Rice University

Events at Rice

Colloquium

Physics & Astronomy

Speaker: Sylvester James Gates, Jr.
University System Regents Professor and John S. Toll Professor of Physics
University of Maryland at College Park

THE 1,358,954,496 MATRIX ELEMENTS TO GET FROM SUSY DIFF EQ’s TO PICTURES, CODES, CARD GAMES, MUSIC, COMPUTERS AND BACK AGAIN

Wednesday, February 8, 2017
4:00 PM  to 5:00 PM

101  Brockman Hall for Physics
Rice University
6100 Main St
Houston, Texas, USA

In this presentation a discussion is given of a recent derivation of a supersymmetrical QM representation spectrum that took some surprising twists and turns along the way.

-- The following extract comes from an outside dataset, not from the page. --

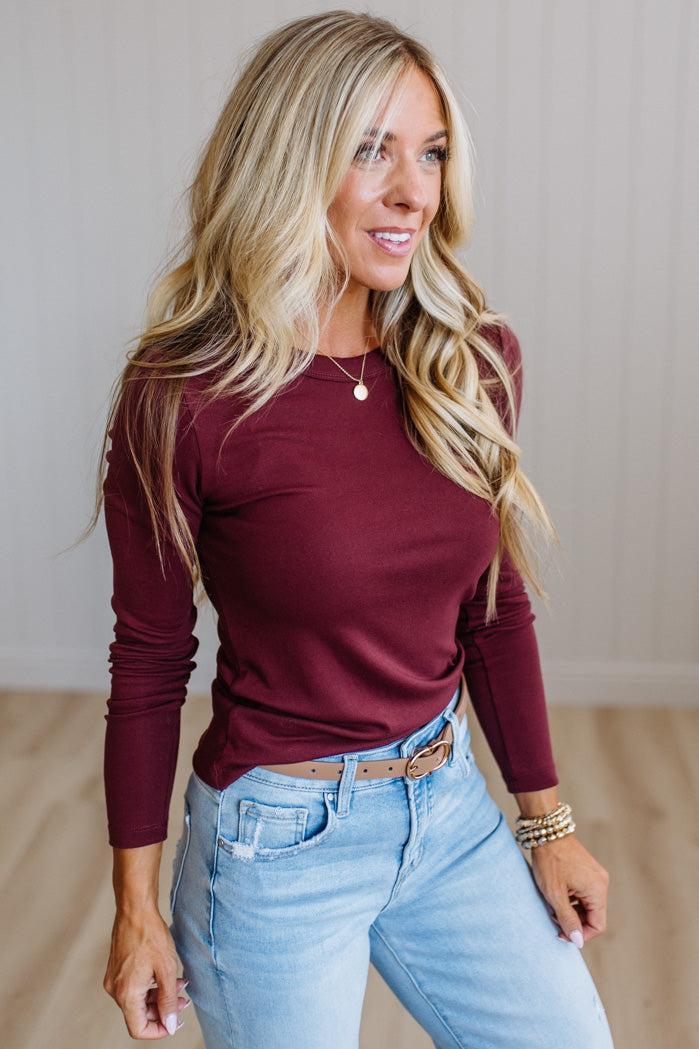 Nova Basic Long Sleeve Tee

Biography of Sylvester James Gates, Jr.:

Sylvester James Gates, Jr. is an American theoretical physicist. He received two B.S. degrees and a Ph.D. degree from the Massachusetts Institute of Technology. His doctoral thesis was the first one at MIT to deal with supersymmetry. Gates is currently a University System Regents Professor, the John S. Toll Professor of Physics at the University of Maryland, College Park, the Director of the String and Particle Theory Center, and serves on the U.S. President’s Council of Advisors on Science and Technology. He is known for his work on supersymmetry, supergravity, and superstring theory. In 1984, Gates co-authored Superspace, the first comprehensive book on the topic of supersymmetry.

In 2006, he completed a DVD series titled Superstring Theory: The DNA of Reality for The Teaching Company composed of 24 half-hour lectures to make the complexities of unification theory comprehensible to non-physicists. In 2012, he was named a University System of Maryland Regents Professor. He is a past president of the National Society of Black Physicists, and is a NSBP Fellow. In 2013, he was elected to the National Academy of Sciences, becoming the first African-American physicist so recognized in its 150-year history. Prof. Gates was awarded the Mendel Medal by Villanova University “in recognition of his influential work in supersymmetry, supergravity and string theory, as well as his advocacy for science and science education in the United States and abroad.” President Obama awarded Prof. Gates the National Medal of Science, the highest award given to scientists in the U.S. In 2014, he was named the Harvard Foundation’s ‘‘Scientist of the Year.’’

He currently continues his research in supersymmetry in systems of particles, fields, and strings.